DeVos promotes school choice, local control

Tuesday, March 14, 2017
Education Secretary Betsy DeVos speaks Monday at the Council of the Great City Schools Annual Legislative/Policy Conference in Washington.
Jose Luis Magana ~ Associated Press

WASHINGTON -- Education Secretary Betsy DeVos on Monday sought to convince public school leaders that school choice and local control are important in education.

Speaking to members of The Council of the Great City Schools, a group of the nation's largest urban school districts, DeVos stressed parents, not Washington politicians, should be making choices about their children's education.

"Parents know better than any politician or administrator the unique needs of each of their children," DeVos said. "Time and again, when parents are empowered to take charge of their children's education, when they have quality options, we see the results for students. For me, this is just common sense."
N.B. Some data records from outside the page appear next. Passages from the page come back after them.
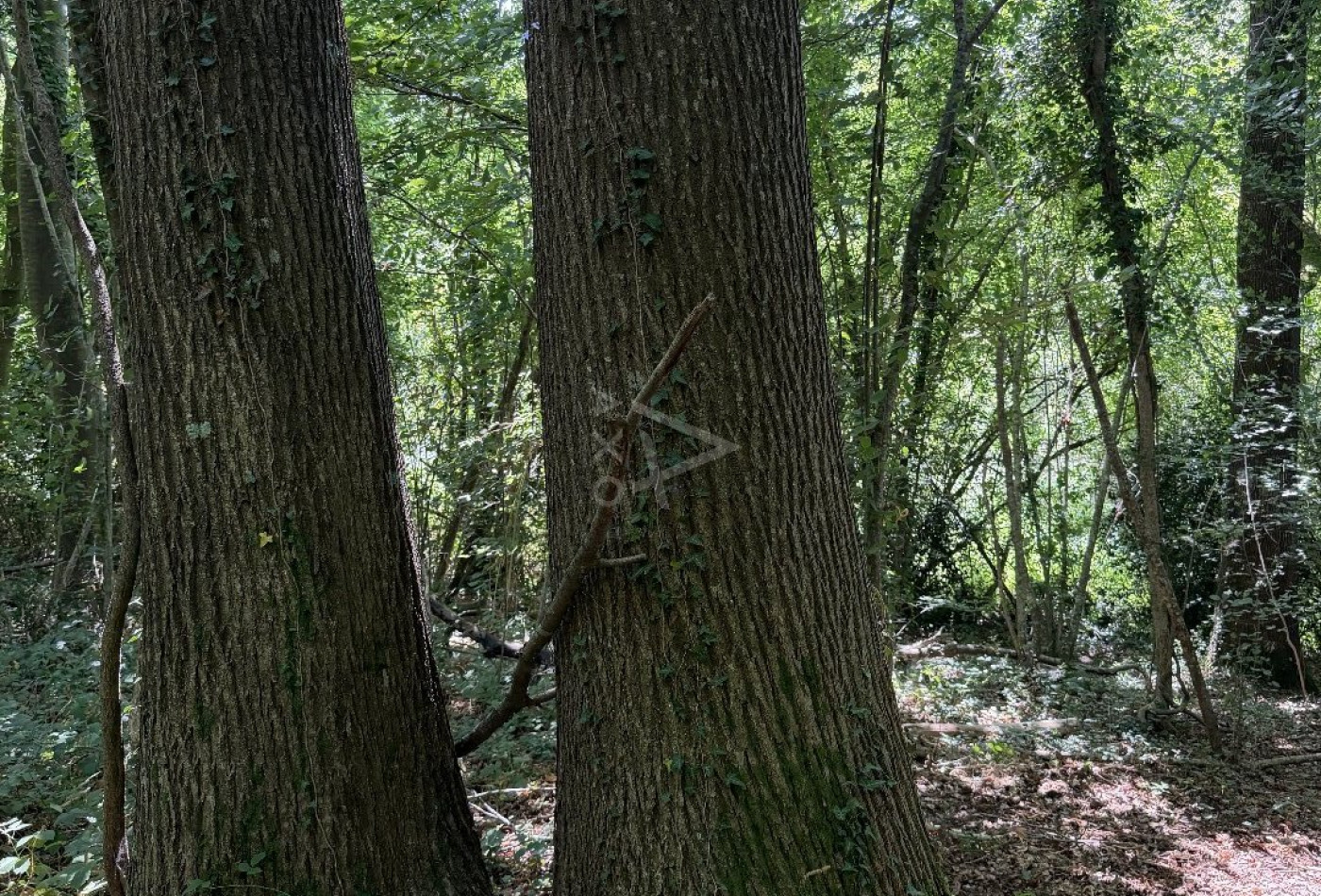 vente Terrain boisé – forêt Le Breuil En Auge - Photo 4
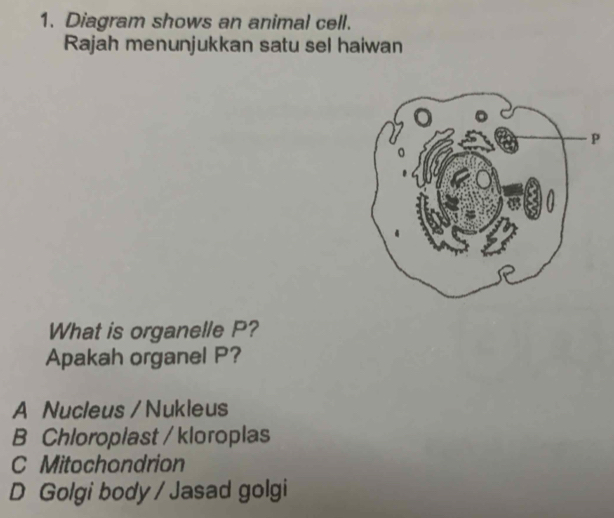 Diagram shows an animal cell.
Rajah menunjukkan satu sel haiwan
What is organelle P?
Apakah organel P?
A Nucleus / Nukleus
B Chloroplast / kloroplas
C Mitochondrion
D Golgi body / Jasad golgi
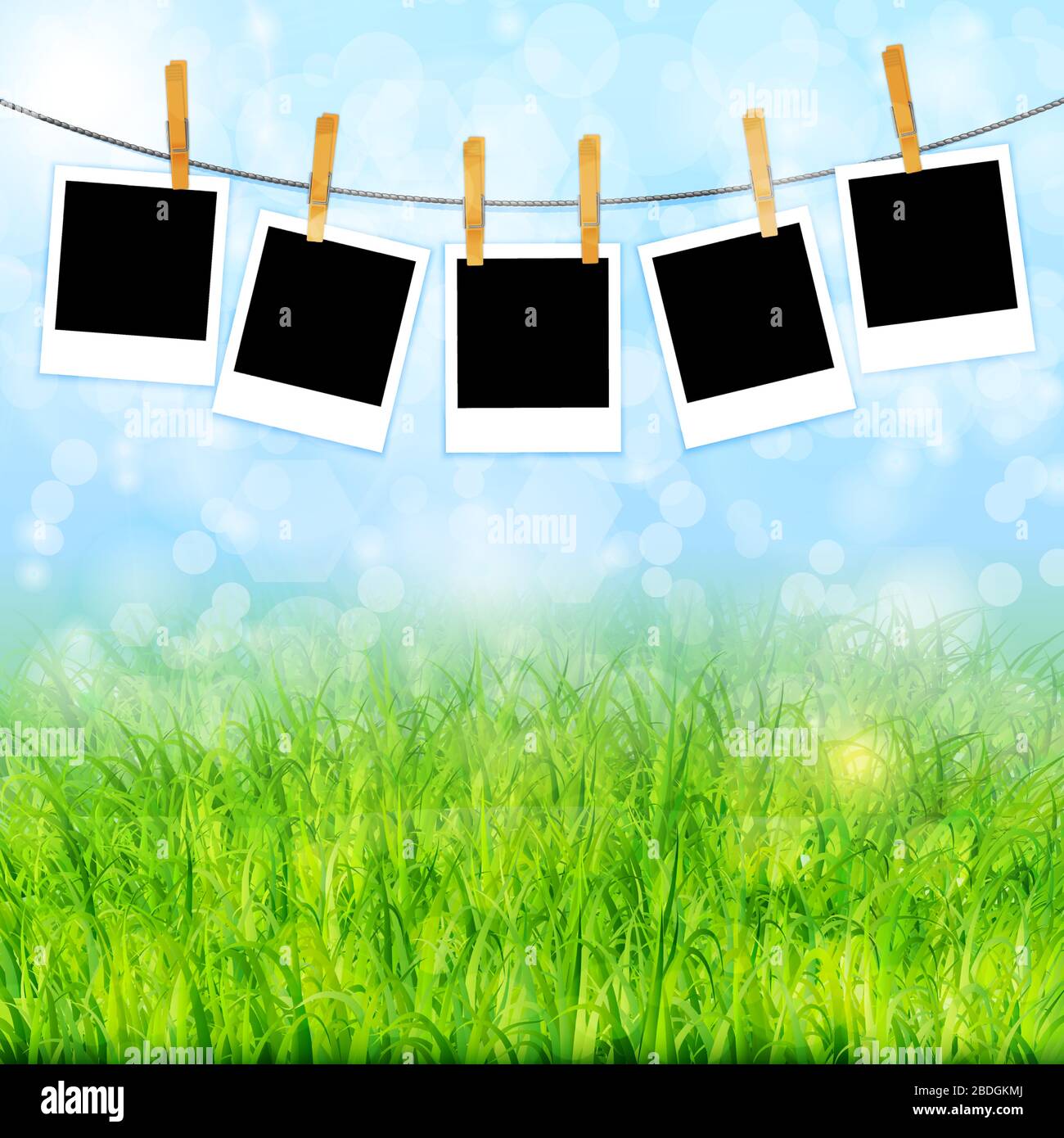 La natura dello sfondo con erba verde e foto sul vettore di corda Illustrazione Vettoriale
DeVos, a longtime advocate of charter and private schools, said parents must be able to pick the right educational setting for their children in the same way they choose their food, clothing and extracurricular activities.

DeVos gave the example of a private school that provides scholarships for low-income, mostly minority students and helps them thrive and added public and private partnerships were essential in education.

The secretary called for giving more power to parents, teachers and local leaders in making decisions about schools and learning.

"Those closest to the problem are often best equipped to solve it," she said. "Let's continue to move power away from Washington, D.C., and into the hands of parents and state and local leaders."

DeVos has spent more than two decades advancing charter schools as well as voucher programs, which give publicly funded scholarships to low-income families to attend private schools.

Teachers unions opposed DeVos' nomination, saying her efforts are tantamount to defunding public education.

While DeVos stressed she supports "great public schools" and "all students," her remarks were met with skepticism by some attendees.